» **TASK**:
If pictures appear among the lines below, leave them out while you return exactly the lines from the one with "3rd image of 5911 Hillview Ave" through the one with "50, Hastingwood Court, Youngs".

» **MATERIAL SUPPLIED**:
-----
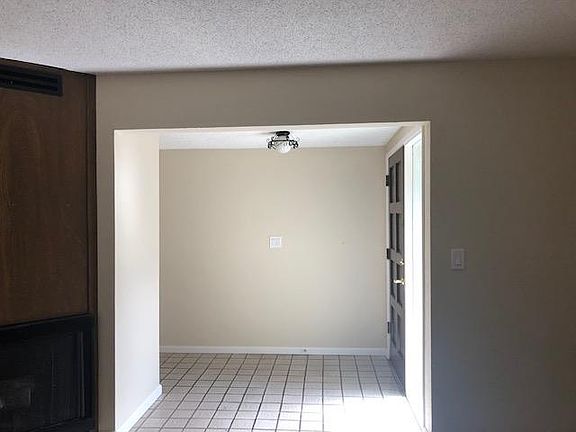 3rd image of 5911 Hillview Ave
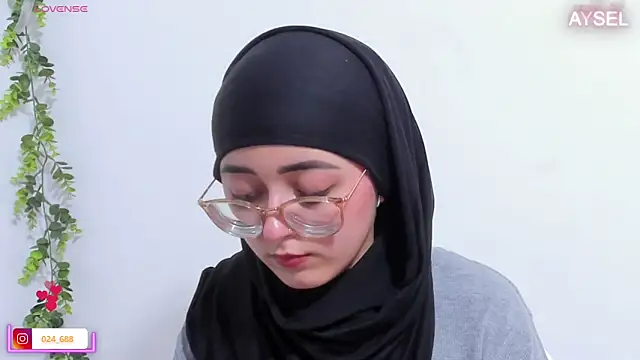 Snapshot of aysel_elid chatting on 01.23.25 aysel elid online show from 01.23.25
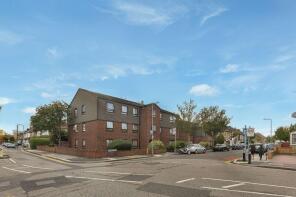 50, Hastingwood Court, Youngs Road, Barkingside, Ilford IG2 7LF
-----
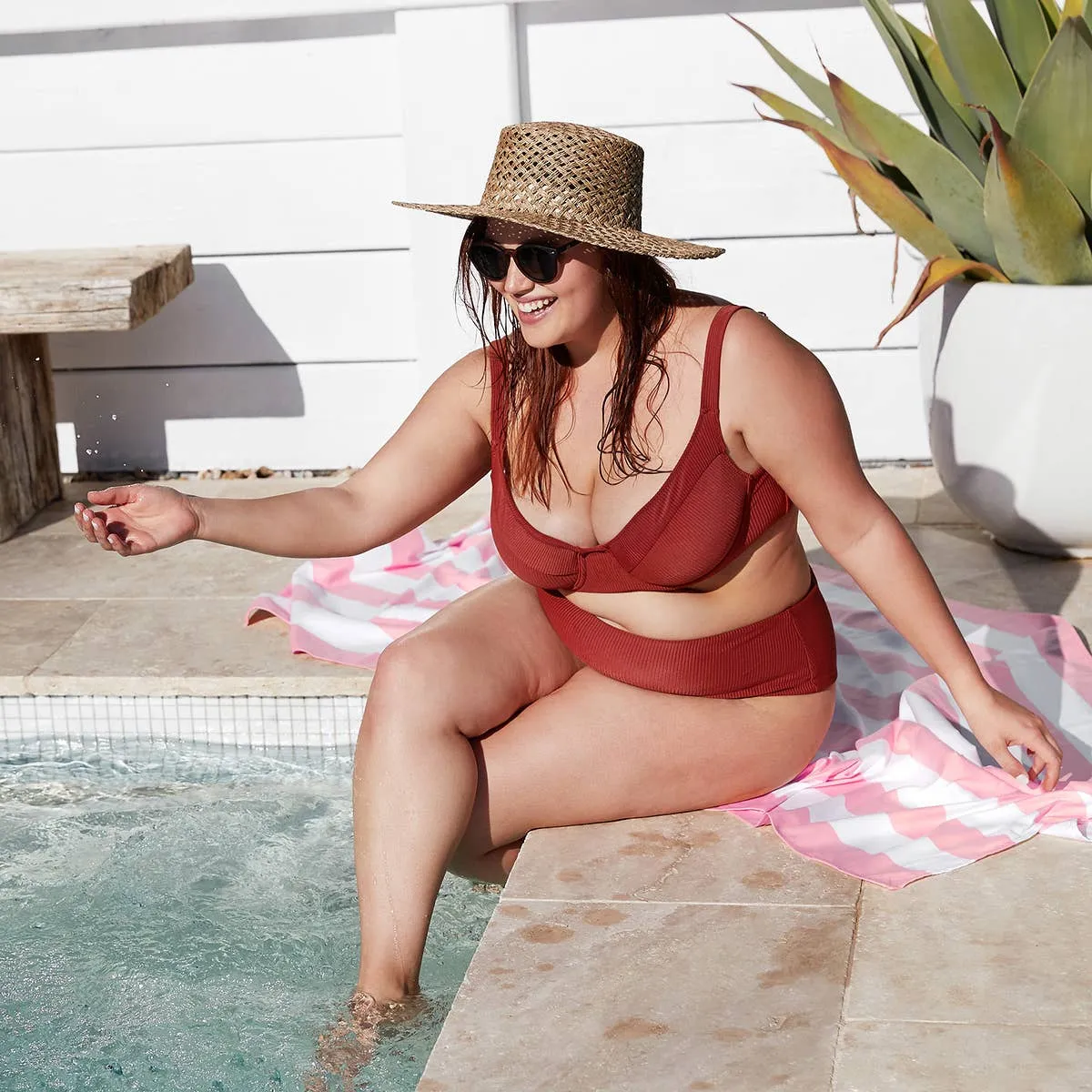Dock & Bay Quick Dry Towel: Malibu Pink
-----
» **RESPONSE AREA**:
 3rd image of 5911 Hillview Ave
 Snapshot of aysel_elid chatting on 01.23.25 aysel elid online show from 01.23.25
 50, Hastingwood Court, Youngs Road, Barkingside, Ilford IG2 7LF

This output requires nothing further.